Volk investigates multiple timelines and overlapping narratives, reconstructing the events surrounding the murders of Nina Umanskaya, Vladimir Shakhurin, and other historical figures. He uncovers the role of Nikolai Dolgov in the killings and in manipulating evidence to mislead Umanskaya’s father. Despite tracing the criminal activities and the consolidation of Dolgov’s power as an industrial magnate, Volk is unable to obtain sufficient legal evidence to prosecute him. The series concludes with the historical crimes exposed, while Dolgov remains alive and influential, and the consequences of past actions continue to affect the present.

== Cast ==
- Denis Shvedov as Alexander Vasilievich Volk, intelligence officer
- Sergey Makovetsky as Konstantin Umansky, Soviet ambassador to the U.S.

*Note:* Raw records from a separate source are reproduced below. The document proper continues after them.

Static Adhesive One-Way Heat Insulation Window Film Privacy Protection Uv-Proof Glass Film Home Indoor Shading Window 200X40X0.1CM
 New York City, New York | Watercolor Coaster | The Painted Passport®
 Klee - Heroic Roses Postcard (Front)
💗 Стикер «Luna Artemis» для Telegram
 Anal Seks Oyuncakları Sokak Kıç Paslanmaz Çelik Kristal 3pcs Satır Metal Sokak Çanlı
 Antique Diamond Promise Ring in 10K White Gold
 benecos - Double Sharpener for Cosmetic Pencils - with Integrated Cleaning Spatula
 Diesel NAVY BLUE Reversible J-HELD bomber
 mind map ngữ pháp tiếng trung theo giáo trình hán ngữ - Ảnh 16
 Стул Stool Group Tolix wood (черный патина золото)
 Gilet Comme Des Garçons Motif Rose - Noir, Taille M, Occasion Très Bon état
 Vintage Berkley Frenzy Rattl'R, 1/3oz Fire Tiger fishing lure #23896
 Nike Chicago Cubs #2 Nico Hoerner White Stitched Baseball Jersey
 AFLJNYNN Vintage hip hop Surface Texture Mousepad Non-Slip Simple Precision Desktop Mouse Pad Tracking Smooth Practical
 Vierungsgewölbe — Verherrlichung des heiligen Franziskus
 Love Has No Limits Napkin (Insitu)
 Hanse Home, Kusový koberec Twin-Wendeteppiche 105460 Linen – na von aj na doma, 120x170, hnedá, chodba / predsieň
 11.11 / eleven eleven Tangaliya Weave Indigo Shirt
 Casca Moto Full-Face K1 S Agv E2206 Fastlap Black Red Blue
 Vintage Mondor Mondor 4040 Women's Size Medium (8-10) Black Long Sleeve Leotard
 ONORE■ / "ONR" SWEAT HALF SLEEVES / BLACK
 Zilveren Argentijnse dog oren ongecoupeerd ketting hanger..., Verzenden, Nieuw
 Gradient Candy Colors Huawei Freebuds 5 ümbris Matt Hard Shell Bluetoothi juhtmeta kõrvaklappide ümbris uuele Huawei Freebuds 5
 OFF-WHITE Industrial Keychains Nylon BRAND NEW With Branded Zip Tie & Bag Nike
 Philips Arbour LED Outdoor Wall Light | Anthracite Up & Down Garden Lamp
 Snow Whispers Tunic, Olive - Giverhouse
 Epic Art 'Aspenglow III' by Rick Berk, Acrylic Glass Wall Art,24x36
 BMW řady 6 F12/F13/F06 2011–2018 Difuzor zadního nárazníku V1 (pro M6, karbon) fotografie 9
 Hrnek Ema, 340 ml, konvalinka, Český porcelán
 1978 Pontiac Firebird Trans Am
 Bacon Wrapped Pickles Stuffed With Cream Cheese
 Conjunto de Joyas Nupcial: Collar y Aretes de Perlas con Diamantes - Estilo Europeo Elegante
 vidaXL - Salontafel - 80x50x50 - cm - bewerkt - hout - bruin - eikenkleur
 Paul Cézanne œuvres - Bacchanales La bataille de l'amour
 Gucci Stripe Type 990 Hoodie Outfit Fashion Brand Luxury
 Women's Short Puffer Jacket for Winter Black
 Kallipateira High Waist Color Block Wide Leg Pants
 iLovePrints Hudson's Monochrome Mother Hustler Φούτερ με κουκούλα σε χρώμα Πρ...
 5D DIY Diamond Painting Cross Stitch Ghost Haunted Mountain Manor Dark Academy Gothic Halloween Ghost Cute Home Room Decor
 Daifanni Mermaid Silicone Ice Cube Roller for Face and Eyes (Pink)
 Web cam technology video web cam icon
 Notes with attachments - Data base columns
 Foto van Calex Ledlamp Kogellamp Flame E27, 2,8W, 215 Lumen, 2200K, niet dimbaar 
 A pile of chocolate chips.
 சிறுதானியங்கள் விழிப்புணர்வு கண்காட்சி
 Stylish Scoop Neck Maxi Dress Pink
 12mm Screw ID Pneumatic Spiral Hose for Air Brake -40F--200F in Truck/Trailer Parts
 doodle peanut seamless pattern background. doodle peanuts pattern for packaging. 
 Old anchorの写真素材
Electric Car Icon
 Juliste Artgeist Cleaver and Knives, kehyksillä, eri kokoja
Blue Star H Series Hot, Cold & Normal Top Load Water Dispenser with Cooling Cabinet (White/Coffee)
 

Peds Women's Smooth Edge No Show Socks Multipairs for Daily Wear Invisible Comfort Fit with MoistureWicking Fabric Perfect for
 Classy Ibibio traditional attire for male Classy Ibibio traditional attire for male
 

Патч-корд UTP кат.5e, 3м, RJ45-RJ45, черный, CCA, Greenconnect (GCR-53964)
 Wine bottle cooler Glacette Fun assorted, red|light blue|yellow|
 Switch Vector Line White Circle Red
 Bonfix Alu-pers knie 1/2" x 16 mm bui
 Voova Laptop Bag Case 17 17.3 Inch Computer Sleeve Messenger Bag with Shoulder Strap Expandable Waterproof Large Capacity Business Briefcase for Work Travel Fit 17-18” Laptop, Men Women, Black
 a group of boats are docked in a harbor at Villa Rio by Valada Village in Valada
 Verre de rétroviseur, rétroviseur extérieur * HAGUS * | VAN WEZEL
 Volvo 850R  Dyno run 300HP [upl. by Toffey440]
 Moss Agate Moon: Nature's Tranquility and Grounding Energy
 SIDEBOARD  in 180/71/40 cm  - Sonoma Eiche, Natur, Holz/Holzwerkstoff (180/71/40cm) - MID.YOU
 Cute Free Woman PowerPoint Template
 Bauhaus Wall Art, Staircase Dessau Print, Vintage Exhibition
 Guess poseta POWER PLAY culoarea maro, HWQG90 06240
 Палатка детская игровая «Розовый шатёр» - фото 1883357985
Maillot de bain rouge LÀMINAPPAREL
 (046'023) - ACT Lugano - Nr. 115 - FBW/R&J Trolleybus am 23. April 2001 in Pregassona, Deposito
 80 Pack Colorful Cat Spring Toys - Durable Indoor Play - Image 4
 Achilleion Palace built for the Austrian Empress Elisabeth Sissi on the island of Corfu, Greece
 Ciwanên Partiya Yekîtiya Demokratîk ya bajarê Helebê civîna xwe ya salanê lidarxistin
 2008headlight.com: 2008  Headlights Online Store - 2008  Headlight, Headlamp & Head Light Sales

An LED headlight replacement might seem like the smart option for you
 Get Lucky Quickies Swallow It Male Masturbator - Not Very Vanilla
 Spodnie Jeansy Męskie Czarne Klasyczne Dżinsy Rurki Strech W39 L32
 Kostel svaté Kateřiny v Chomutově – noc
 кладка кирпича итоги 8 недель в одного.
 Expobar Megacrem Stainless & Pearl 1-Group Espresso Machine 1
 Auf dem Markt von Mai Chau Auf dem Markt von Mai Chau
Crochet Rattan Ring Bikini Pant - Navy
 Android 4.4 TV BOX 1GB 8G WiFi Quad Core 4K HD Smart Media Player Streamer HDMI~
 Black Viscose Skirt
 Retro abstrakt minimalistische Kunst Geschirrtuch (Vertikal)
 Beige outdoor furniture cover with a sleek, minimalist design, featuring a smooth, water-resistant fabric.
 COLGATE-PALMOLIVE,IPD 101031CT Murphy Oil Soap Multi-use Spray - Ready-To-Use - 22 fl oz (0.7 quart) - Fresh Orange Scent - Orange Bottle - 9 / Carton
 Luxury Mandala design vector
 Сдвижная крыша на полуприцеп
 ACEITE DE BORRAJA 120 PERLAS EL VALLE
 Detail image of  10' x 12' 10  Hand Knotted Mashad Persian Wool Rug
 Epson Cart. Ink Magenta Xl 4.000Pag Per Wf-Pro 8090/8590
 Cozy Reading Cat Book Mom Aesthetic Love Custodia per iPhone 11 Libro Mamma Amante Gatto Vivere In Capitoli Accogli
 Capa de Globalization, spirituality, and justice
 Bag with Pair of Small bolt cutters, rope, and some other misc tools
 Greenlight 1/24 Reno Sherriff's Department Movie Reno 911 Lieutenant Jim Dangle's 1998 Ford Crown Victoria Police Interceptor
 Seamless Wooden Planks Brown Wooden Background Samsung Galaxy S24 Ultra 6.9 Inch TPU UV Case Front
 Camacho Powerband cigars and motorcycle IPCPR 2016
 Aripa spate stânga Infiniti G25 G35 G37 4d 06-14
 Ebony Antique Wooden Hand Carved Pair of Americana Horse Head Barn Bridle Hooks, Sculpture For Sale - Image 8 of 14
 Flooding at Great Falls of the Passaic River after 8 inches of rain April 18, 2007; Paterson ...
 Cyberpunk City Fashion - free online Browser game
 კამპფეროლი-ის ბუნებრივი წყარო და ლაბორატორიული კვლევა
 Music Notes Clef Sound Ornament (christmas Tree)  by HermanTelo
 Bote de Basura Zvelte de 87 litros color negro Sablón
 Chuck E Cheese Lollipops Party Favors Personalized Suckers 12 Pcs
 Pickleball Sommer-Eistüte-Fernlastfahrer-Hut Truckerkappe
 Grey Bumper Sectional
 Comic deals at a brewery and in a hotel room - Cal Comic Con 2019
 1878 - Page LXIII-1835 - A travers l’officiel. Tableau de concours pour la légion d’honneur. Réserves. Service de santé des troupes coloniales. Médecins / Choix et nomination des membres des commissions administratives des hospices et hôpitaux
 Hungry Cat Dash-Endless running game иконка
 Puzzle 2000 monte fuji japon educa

- Anton Vasilyev as Boris Mirgorodsky, Volk’s ally and assistant
- Artur Smolyaninov as Nikolay Bezruk
- Varvara Feofanova as Nina Umanskaya
- Alevtina Tukan as Sonya Rykova
- Vitaly Andreyev as Vladimir Shakhurin
- Vitaly Khayev as Lev Vasilevsky, Soviet intelligence officer
- Igor Mirkurbanov as Nahum Eitingon, NKVD officer
- Marina Zudina as Raisa Umanskaya
- Elena Podkaminskaya as Anastasia “Tasya” Petrova
- Alexander Semchev as Artur Yanovich Kipnis, historian and tour guide
- Linda Lapinsh as Alyona
- Viktor Proskurin as Nikolai Yefremovich Dolgov
- Igor Yasulovich as Vyacheslav Semyonovich Dashkevich
- Gregory-Said Bagov as Lavrentiy Beria
- Ilya Lyubimov as Leonid Yakovlevich Goldman, collector
- Aristarkh Livanov as Ivan Alexandrovich Sukhikh
- Anatoly Kot as Gorevoy
- Evgeny Pronin as Pyotr Chuyev
- Alyona Mikhailova as Masha, Dashkevich’s granddaughter
- Vyacheslav Chepurchenko as Yury
- Konstantin Zheldin as Yakov Mikhailovich Goldman, retired major-general of the KGB
- Malkhaz Abuladze as Joseph Stalin
- Alexandra Nazarova as Era Pavlovna
- Nina Drobycheva as Iskra Petrova

== Awards ==
- 2021 — Nika Award, Special Prize of the Academy Council “For creative achievements in the art of television cinematography”.